*Directions*
The records that follow must be repeated exactly, except for their pictures.

*Source data*
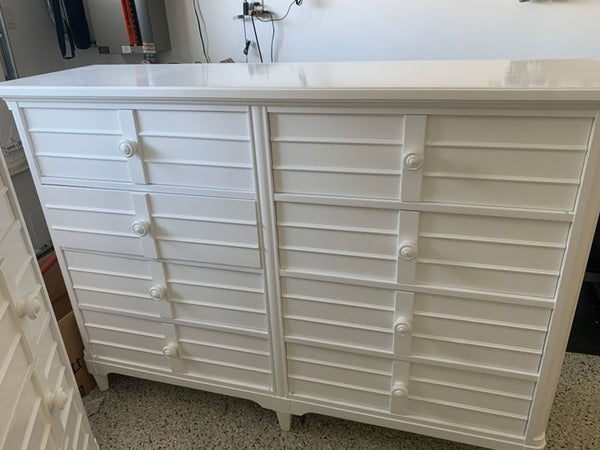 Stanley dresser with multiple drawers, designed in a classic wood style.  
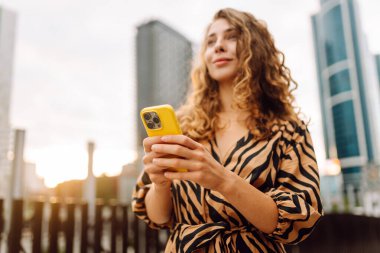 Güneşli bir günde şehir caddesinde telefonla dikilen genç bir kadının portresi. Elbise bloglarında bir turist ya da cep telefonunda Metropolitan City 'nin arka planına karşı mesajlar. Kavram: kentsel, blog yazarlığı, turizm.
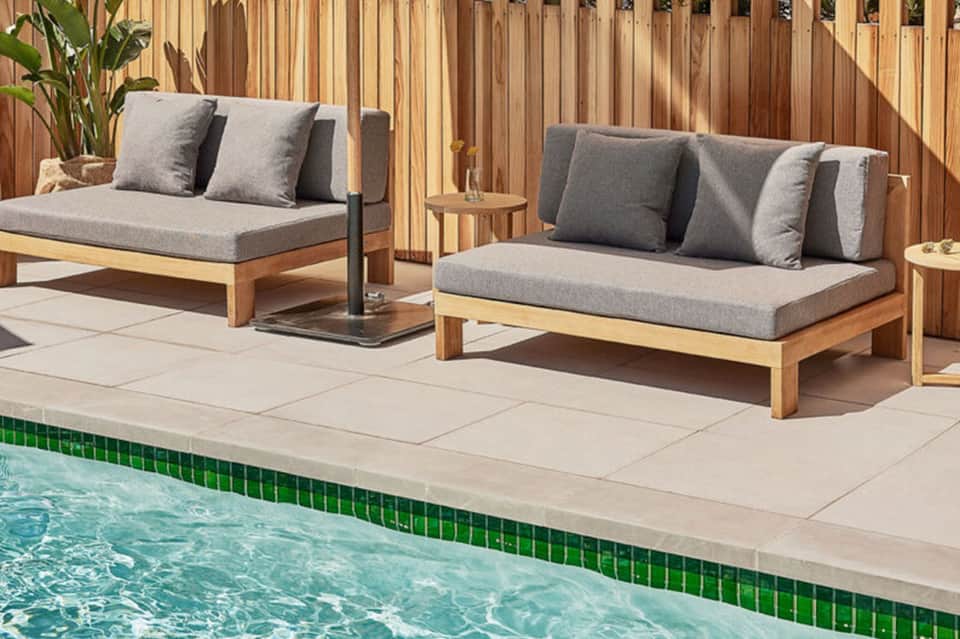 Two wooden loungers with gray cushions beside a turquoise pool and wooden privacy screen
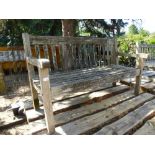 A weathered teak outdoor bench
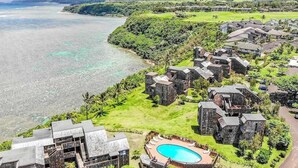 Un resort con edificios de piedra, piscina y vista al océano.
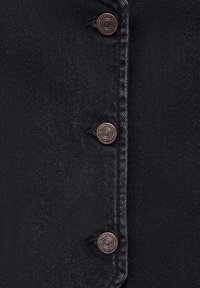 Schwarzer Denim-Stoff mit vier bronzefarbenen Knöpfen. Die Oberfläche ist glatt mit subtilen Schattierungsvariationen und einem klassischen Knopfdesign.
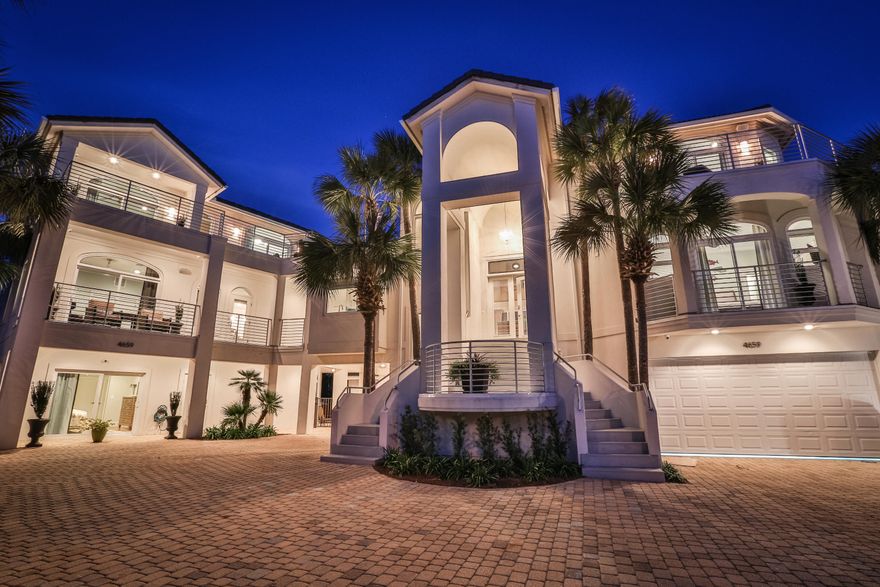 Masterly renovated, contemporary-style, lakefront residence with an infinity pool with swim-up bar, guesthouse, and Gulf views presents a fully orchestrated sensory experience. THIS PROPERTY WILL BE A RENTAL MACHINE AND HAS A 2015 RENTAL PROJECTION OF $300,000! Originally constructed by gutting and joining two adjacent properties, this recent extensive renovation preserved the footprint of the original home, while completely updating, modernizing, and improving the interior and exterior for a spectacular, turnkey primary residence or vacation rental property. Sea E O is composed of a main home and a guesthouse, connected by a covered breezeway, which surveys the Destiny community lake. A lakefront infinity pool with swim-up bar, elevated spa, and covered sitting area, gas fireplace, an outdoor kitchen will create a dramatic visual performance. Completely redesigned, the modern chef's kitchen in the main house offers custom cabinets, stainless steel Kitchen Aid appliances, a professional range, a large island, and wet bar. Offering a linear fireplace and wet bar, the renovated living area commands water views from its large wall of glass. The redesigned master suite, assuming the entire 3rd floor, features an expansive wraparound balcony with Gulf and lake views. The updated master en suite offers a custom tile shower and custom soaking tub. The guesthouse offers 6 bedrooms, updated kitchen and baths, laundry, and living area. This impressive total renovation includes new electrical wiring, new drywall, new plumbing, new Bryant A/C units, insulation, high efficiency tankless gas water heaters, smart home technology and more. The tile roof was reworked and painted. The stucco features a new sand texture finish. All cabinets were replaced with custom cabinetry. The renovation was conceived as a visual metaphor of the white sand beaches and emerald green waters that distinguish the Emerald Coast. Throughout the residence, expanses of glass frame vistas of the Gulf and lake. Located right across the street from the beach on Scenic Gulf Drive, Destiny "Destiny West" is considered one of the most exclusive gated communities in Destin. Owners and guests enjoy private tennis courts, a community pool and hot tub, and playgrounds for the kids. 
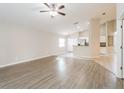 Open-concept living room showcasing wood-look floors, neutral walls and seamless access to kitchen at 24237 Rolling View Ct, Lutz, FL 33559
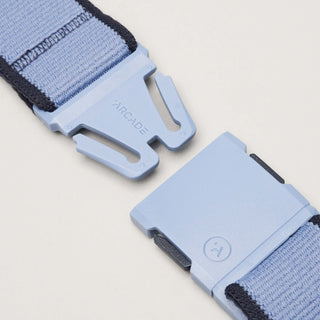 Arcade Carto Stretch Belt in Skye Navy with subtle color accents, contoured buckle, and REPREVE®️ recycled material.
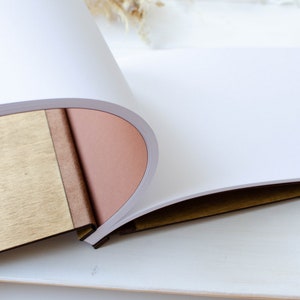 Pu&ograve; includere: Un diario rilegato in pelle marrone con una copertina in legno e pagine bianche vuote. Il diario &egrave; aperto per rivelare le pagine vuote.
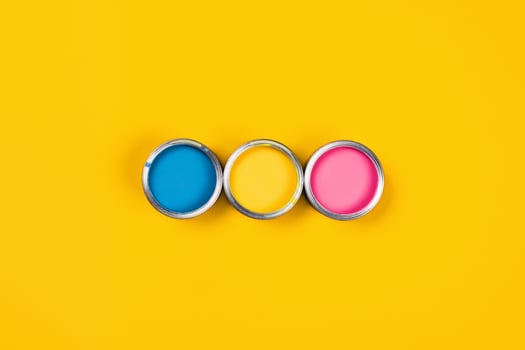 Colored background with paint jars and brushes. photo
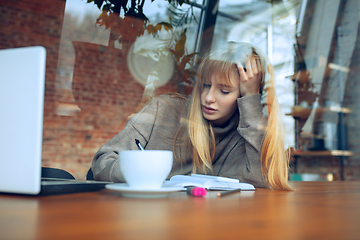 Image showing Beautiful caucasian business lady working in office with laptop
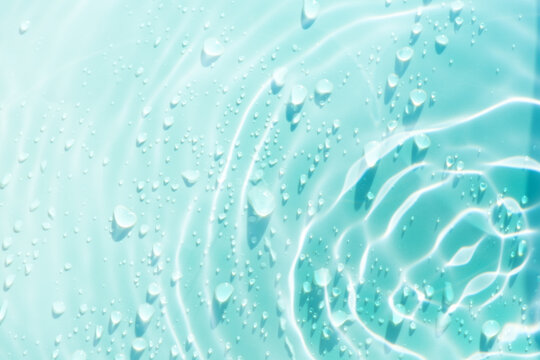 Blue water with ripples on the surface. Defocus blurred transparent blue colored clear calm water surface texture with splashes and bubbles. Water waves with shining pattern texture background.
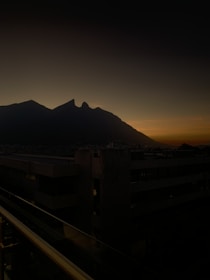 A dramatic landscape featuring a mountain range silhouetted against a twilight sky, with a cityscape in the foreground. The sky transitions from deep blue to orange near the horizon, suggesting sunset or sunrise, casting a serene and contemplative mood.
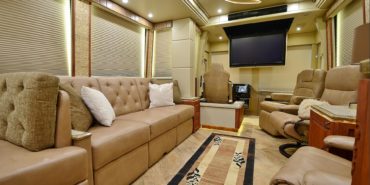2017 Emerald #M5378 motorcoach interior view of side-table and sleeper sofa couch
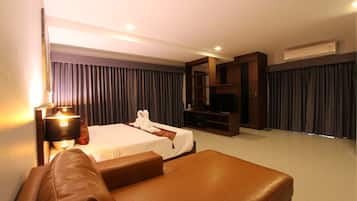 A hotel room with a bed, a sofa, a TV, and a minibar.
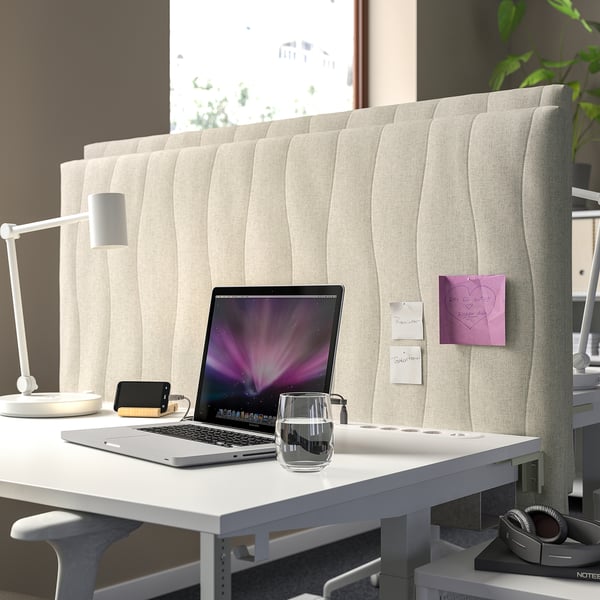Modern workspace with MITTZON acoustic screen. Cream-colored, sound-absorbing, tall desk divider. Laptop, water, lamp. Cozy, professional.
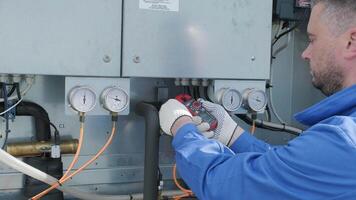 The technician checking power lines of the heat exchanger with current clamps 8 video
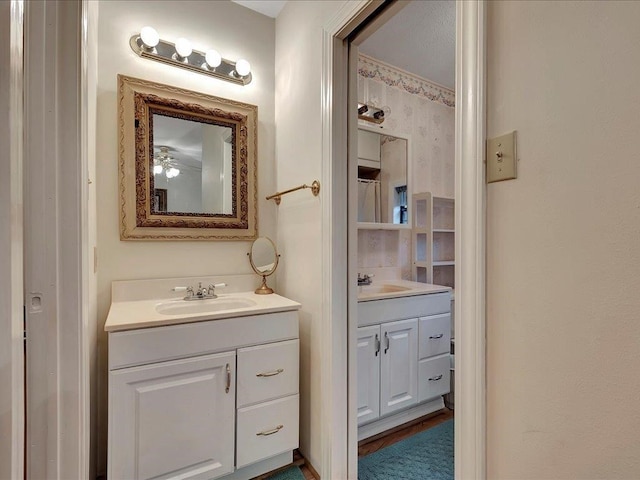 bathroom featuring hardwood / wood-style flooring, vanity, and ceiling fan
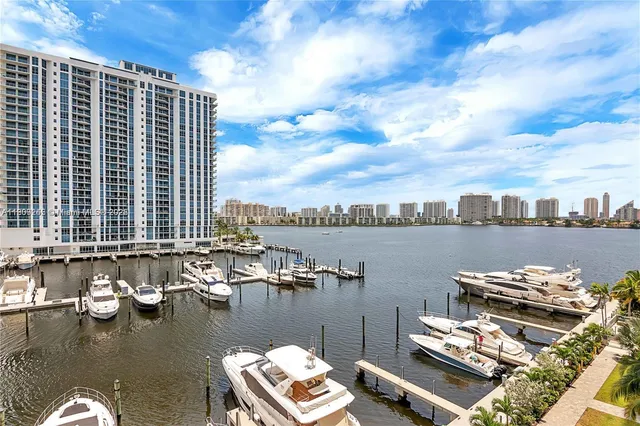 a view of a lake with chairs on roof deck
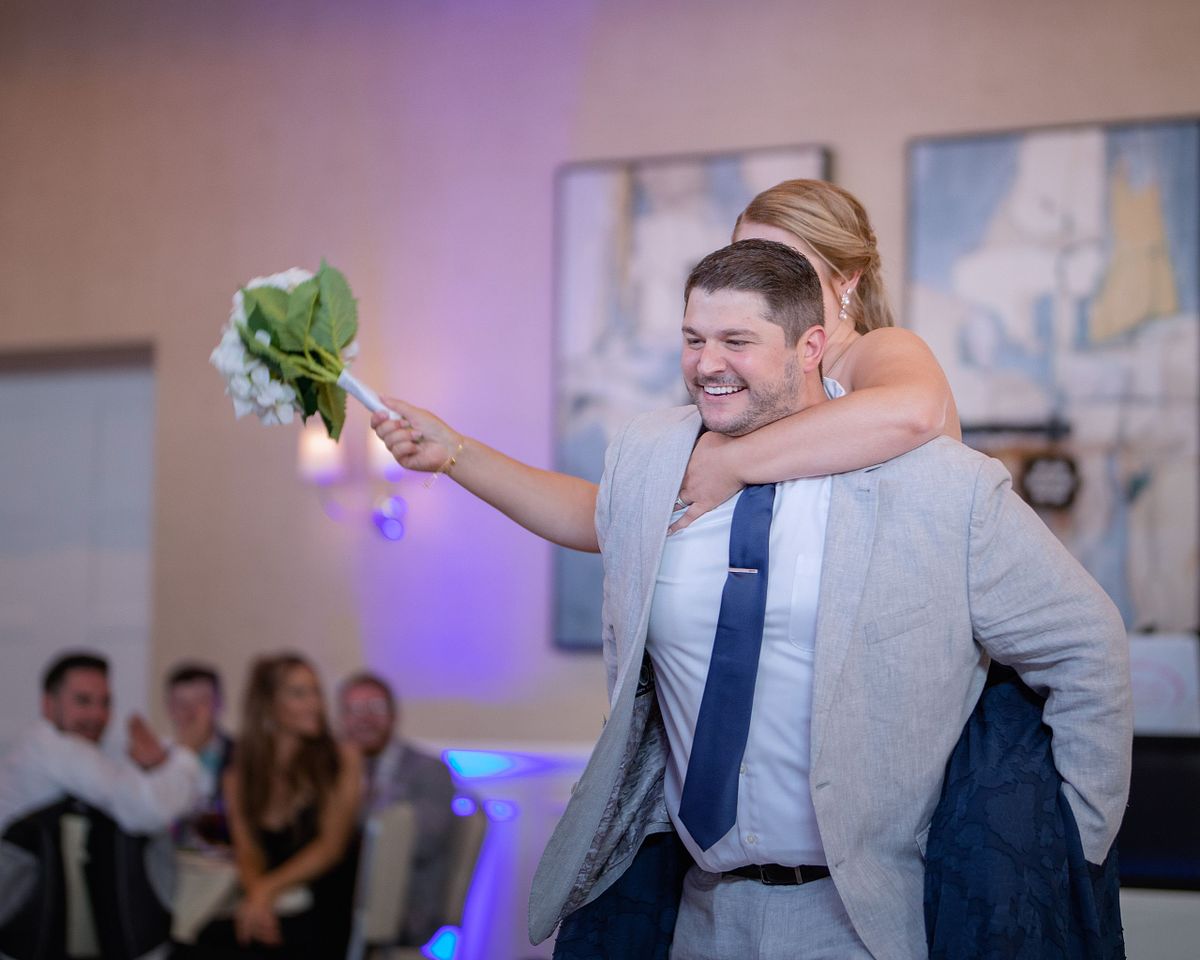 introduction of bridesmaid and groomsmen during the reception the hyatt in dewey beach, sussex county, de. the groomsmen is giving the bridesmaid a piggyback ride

*Written response*
 Stanley dresser with multiple drawers, designed in a classic wood style.  
 Güneşli bir günde şehir caddesinde telefonla dikilen genç bir kadının portresi. Elbise bloglarında bir turist ya da cep telefonunda Metropolitan City 'nin arka planına karşı mesajlar. Kavram: kentsel, blog yazarlığı, turizm.
 Two wooden loungers with gray cushions beside a turquoise pool and wooden privacy screen
 A weathered teak outdoor bench
 Un resort con edificios de piedra, piscina y vista al océano.
 Schwarzer Denim-Stoff mit vier bronzefarbenen Knöpfen. Die Oberfläche ist glatt mit subtilen Schattierungsvariationen und einem klassischen Knopfdesign.
 Masterly renovated, contemporary-style, lakefront residence with an infinity pool with swim-up bar, guesthouse, and Gulf views presents a fully orchestrated sensory experience. THIS PROPERTY WILL BE A RENTAL MACHINE AND HAS A 2015 RENTAL PROJECTION OF $300,000! Originally constructed by gutting and joining two adjacent properties, this recent extensive renovation preserved the footprint of the original home, while completely updating, modernizing, and improving the interior and exterior for a spectacular, turnkey primary residence or vacation rental property. Sea E O is composed of a main home and a guesthouse, connected by a covered breezeway, which surveys the Destiny community lake. A lakefront infinity pool with swim-up bar, elevated spa, and covered sitting area, gas fireplace, an outdoor kitchen will create a dramatic visual performance. Completely redesigned, the modern chef's kitchen in the main house offers custom cabinets, stainless steel Kitchen Aid appliances, a professional range, a large island, and wet bar. Offering a linear fireplace and wet bar, the renovated living area commands water views from its large wall of glass. The redesigned master suite, assuming the entire 3rd floor, features an expansive wraparound balcony with Gulf and lake views. The updated master en suite offers a custom tile shower and custom soaking tub. The guesthouse offers 6 bedrooms, updated kitchen and baths, laundry, and living area. This impressive total renovation includes new electrical wiring, new drywall, new plumbing, new Bryant A/C units, insulation, high efficiency tankless gas water heaters, smart home technology and more. The tile roof was reworked and painted. The stucco features a new sand texture finish. All cabinets were replaced with custom cabinetry. The renovation was conceived as a visual metaphor of the white sand beaches and emerald green waters that distinguish the Emerald Coast. Throughout the residence, expanses of glass frame vistas of the Gulf and lake. Located right across the street from the beach on Scenic Gulf Drive, Destiny "Destiny West" is considered one of the most exclusive gated communities in Destin. Owners and guests enjoy private tennis courts, a community pool and hot tub, and playgrounds for the kids. 
 Open-concept living room showcasing wood-look floors, neutral walls and seamless access to kitchen at 24237 Rolling View Ct, Lutz, FL 33559
 Arcade Carto Stretch Belt in Skye Navy with subtle color accents, contoured buckle, and REPREVE®️ recycled material.
 Pu&ograve; includere: Un diario rilegato in pelle marrone con una copertina in legno e pagine bianche vuote. Il diario &egrave; aperto per rivelare le pagine vuote.
 Colored background with paint jars and brushes. photo
 Image showing Beautiful caucasian business lady working in office with laptop
 Blue water with ripples on the surface. Defocus blurred transparent blue colored clear calm water surface texture with splashes and bubbles. Water waves with shining pattern texture background.
 A dramatic landscape featuring a mountain range silhouetted against a twilight sky, with a cityscape in the foreground. The sky transitions from deep blue to orange near the horizon, suggesting sunset or sunrise, casting a serene and contemplative mood.
2017 Emerald #M5378 motorcoach interior view of side-table and sleeper sofa couch
 A hotel room with a bed, a sofa, a TV, and a minibar.
Modern workspace with MITTZON acoustic screen. Cream-colored, sound-absorbing, tall desk divider. Laptop, water, lamp. Cozy, professional.
 The technician checking power lines of the heat exchanger with current clamps 8 video
 bathroom featuring hardwood / wood-style flooring, vanity, and ceiling fan
 a view of a lake with chairs on roof deck
 introduction of bridesmaid and groomsmen during the reception the hyatt in dewey beach, sussex county, de. the groomsmen is giving the bridesmaid a piggyback ride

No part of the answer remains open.